=== Section Start ===
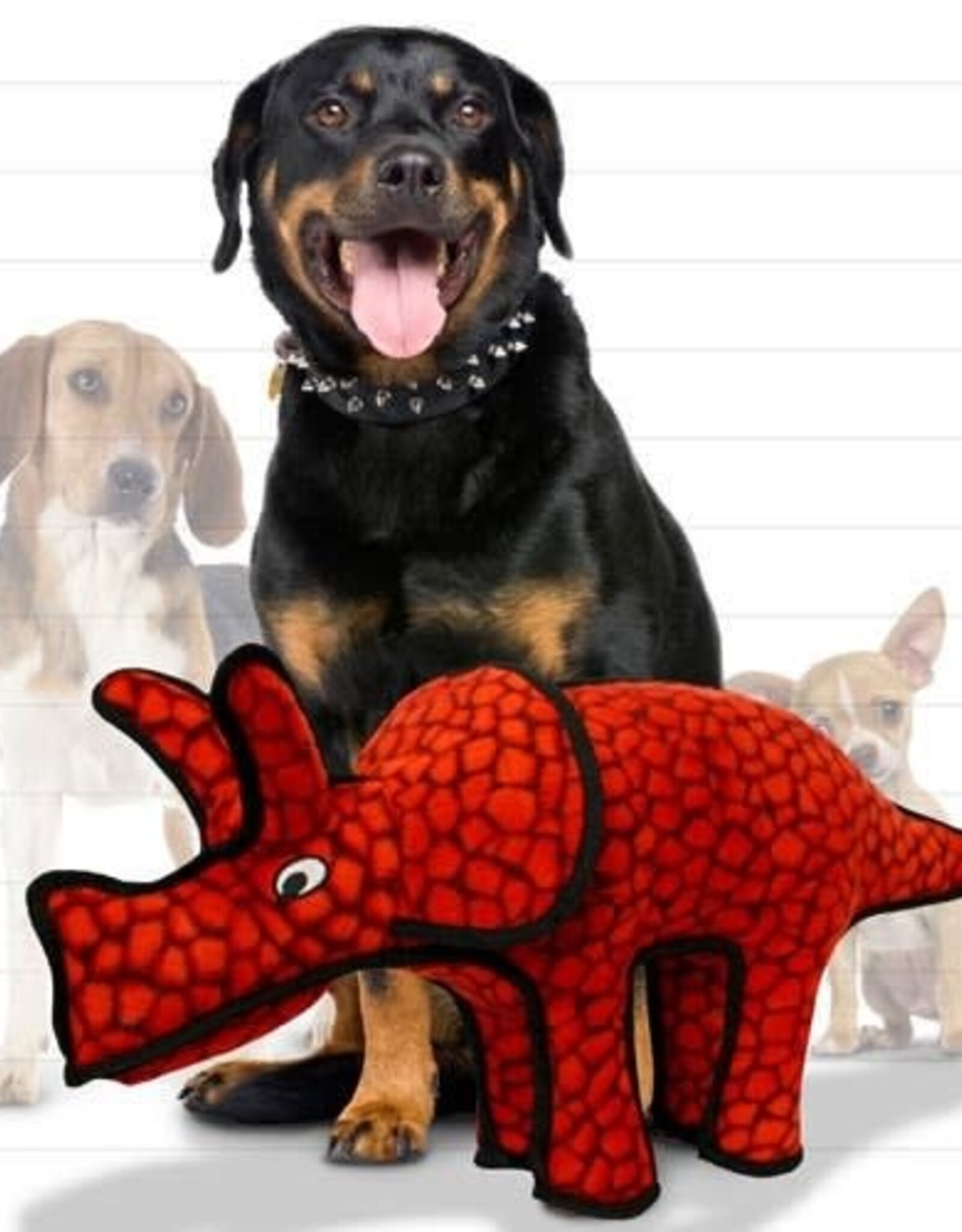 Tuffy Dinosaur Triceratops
=== Section End ===
=== Section Start ===
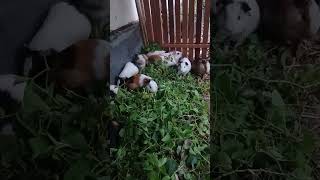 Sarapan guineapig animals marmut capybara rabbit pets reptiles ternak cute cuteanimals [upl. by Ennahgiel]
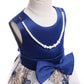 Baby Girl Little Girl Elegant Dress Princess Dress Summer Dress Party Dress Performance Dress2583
=== Section End ===
=== Section Start ===
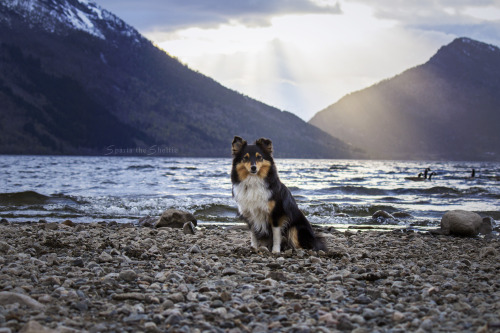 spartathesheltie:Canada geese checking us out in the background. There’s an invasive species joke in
=== Section End ===
> _Exercise objective_
Only the lines above from the one containing "Sarapan guineapig animals" through the one containing "Baby Girl Little" should be returned, verbatim and inclusive, with pictures excluded.

> _Solution to this exercise_
 Sarapan guineapig animals marmut capybara rabbit pets reptiles ternak cute cuteanimals [upl. by Ennahgiel]
 Baby Girl Little Girl Elegant Dress Princess Dress Summer Dress Party Dress Performance Dress2583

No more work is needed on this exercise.